**Exercise**
Would you please output, word for word, the span of the listing below that opens on the line containing "That'll do. If" and closes on the line containing "Let's get in."? Include both ends and nothing more.
══ Exercise material
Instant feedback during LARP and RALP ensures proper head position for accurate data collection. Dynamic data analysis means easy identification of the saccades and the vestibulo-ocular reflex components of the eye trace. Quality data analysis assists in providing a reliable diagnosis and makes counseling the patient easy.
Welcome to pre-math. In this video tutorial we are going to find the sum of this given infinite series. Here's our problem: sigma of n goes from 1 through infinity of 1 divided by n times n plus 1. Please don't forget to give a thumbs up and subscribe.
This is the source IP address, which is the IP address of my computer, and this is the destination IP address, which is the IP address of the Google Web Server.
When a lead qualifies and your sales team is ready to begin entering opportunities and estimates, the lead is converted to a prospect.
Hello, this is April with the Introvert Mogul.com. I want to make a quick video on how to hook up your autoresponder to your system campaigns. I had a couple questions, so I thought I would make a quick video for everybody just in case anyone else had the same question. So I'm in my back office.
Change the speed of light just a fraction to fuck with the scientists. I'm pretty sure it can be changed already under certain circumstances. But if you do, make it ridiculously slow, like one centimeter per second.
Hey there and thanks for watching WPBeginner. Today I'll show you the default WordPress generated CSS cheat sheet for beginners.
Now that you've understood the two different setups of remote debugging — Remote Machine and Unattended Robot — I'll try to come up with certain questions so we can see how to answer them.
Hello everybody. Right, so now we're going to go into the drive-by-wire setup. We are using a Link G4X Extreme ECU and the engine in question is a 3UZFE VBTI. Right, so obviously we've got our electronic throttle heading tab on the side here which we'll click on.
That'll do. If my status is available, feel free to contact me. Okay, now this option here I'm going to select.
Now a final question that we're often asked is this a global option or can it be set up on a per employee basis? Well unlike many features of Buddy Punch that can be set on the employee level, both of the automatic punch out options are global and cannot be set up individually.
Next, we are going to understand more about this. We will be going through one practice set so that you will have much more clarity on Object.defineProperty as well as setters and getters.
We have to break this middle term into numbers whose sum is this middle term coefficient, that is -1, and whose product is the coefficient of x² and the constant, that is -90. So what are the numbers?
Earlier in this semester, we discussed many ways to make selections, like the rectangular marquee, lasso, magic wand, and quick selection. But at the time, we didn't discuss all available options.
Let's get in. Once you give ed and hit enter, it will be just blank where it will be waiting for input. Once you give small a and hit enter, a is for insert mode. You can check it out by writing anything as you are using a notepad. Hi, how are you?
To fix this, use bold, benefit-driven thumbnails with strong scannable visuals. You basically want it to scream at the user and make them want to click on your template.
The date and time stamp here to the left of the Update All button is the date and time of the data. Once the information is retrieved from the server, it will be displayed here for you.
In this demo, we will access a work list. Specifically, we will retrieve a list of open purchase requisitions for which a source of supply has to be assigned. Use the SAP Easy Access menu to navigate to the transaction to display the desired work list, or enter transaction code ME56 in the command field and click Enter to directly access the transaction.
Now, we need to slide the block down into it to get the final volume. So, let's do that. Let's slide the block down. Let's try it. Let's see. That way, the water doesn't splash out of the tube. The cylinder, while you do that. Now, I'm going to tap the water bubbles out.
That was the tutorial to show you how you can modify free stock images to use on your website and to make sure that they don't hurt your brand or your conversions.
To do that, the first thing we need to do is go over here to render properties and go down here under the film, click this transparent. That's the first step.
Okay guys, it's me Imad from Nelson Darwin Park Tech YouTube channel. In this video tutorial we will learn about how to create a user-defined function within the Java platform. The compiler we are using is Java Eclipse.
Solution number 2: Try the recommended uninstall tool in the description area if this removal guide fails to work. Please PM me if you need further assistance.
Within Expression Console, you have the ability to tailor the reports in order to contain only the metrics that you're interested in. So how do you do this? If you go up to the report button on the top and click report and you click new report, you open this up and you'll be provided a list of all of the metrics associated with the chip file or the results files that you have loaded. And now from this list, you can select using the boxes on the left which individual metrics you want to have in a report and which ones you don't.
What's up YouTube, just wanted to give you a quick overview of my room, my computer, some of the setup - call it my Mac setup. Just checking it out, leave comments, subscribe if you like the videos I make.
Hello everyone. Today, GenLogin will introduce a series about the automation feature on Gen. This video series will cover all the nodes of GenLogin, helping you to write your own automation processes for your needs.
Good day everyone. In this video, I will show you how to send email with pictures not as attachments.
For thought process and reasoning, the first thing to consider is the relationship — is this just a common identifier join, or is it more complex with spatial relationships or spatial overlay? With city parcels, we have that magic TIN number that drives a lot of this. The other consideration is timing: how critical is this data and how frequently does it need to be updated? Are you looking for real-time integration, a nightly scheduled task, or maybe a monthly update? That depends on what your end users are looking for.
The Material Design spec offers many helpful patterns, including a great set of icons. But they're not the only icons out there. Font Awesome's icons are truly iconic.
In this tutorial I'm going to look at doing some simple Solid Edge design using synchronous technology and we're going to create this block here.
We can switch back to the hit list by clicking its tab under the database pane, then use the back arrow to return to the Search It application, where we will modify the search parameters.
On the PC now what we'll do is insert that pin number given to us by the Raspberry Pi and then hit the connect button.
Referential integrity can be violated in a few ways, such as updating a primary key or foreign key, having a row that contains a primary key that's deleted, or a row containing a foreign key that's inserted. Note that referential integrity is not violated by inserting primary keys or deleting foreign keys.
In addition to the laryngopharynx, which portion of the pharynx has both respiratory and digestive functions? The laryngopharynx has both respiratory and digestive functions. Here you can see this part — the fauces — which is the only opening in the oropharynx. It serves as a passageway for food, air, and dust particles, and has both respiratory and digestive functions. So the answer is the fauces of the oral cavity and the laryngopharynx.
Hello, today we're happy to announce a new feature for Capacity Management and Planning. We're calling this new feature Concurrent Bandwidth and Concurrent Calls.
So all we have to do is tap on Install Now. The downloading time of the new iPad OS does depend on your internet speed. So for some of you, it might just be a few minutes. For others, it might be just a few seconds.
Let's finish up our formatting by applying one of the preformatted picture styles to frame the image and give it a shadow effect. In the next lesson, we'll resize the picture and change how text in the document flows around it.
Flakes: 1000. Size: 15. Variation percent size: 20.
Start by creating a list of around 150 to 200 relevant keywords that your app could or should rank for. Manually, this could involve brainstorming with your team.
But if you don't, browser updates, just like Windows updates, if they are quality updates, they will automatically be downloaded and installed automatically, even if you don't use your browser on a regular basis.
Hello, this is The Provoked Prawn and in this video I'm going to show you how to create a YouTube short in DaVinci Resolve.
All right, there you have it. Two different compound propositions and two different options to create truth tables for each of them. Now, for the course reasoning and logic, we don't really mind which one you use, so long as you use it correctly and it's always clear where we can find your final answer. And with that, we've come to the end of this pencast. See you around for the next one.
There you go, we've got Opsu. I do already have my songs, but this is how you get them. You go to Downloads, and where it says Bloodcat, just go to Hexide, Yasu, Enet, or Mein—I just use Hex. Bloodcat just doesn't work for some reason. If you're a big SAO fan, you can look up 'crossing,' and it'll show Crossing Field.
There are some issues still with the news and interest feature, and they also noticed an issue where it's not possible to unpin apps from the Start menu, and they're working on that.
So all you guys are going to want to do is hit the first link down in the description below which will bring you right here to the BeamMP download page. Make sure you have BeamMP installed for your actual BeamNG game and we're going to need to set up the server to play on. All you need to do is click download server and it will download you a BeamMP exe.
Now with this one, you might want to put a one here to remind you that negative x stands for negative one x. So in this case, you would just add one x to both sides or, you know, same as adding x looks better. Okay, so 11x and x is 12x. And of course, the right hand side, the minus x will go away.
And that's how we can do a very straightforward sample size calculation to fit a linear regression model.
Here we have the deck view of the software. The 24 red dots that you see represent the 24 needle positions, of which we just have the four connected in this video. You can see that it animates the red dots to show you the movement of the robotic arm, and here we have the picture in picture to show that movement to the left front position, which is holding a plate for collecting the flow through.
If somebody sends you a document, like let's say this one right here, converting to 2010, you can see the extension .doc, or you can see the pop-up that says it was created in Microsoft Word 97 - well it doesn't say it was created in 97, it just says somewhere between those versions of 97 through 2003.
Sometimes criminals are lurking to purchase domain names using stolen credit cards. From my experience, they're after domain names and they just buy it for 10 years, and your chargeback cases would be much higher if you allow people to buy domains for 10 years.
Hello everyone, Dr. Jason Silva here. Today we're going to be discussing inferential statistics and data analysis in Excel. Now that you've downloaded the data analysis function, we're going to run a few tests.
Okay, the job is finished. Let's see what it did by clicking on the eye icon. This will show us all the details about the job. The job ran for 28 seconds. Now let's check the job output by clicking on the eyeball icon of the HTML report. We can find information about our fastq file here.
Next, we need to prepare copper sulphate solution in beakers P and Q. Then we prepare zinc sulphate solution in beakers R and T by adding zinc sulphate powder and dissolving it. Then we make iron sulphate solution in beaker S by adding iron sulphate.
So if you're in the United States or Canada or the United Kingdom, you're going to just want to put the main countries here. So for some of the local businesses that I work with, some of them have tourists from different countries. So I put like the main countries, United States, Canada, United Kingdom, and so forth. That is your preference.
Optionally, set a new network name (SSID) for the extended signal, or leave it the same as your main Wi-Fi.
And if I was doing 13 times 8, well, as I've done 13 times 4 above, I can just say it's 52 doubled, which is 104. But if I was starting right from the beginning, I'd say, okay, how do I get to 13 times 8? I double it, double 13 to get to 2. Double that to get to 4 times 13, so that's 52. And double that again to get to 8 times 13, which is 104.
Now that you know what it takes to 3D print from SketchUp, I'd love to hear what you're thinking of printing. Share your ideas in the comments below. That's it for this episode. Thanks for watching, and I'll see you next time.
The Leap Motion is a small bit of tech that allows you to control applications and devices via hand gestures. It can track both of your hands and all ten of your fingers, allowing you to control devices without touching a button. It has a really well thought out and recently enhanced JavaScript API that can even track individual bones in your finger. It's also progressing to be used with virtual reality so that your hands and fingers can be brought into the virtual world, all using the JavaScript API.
════
**Task response**
That'll do. If my status is available, feel free to contact me. Okay, now this option here I'm going to select.
Now a final question that we're often asked is this a global option or can it be set up on a per employee basis? Well unlike many features of Buddy Punch that can be set on the employee level, both of the automatic punch out options are global and cannot be set up individually.
Next, we are going to understand more about this. We will be going through one practice set so that you will have much more clarity on Object.defineProperty as well as setters and getters.
We have to break this middle term into numbers whose sum is this middle term coefficient, that is -1, and whose product is the coefficient of x² and the constant, that is -90. So what are the numbers?
Earlier in this semester, we discussed many ways to make selections, like the rectangular marquee, lasso, magic wand, and quick selection. But at the time, we didn't discuss all available options.
Let's get in. Once you give ed and hit enter, it will be just blank where it will be waiting for input. Once you give small a and hit enter, a is for insert mode. You can check it out by writing anything as you are using a notepad. Hi, how are you?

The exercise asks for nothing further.